More than 2,000 people were charged in the first 15 weeks a new strangulation law was in effect, according to a report released today by the state Division of Criminal Justice Services. Ninety-four percent of the suspects were men.
Police and prosecutors across the state have reported that the statute, which took effect last November, is an effective tool and has been particularly helpful in the fight against domestic violence. Before the law was adopted, suspects often faced charges of second-degree harassment, a violation, because there frequently are no signs of physical injury.
“These arrest numbers are staggering, and clearly illustrate the gap that existed in the Penal Law,” Sean Byrne, acting commissioner of the Division of Criminal Justice Services, said in a statement.
In the past, someone “could be strangled almost to the point of death,” but the alleged abuser frequently would not be punished because there were no signs of injury, said Amy Barasch, executive director of the state Office for the Prevention of Domestic Violence.
Between Nov. 11 and Feb. 22, there were 2003 individuals were charged under the law, which established three offenses for strangulation, the report said. They are first-degree strangulation, a Class C felony; second-degree strangulation, a Class D felony; and criminal obstruction of breathing or blood circulation, a Class A misdemeanor. In 83 percent of the cases, the suspects were charged with the misdemeanor, which is punishable by up to a year in jail.

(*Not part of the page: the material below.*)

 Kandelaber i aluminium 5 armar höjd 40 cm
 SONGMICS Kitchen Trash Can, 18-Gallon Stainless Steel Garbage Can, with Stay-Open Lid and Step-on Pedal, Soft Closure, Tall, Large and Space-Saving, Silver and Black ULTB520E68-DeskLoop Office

Sixty percent – 1,200 — of the arrests or arrests or arraignments were in New York City, and 40 percent – 803 – took place in the rest of the state. There was at least one arrest in every county except Cattaraugus, Hamilton, Lewis and Tioga.
The most arrests outside New York City were in Suffolk County, where there were 111. Other top counties were Erie, with 81; Nassau, with 77; Monroe, with 69; and Westchester, with 49. State Police made 78 arrests. There were more than 15 arrests in seven other counties – 42 in Onondaga; 32 in Schenectady; 31 in Oneida; 28 in Albany; 25 in Ulster; 18 in Broome; and 17 in Orange.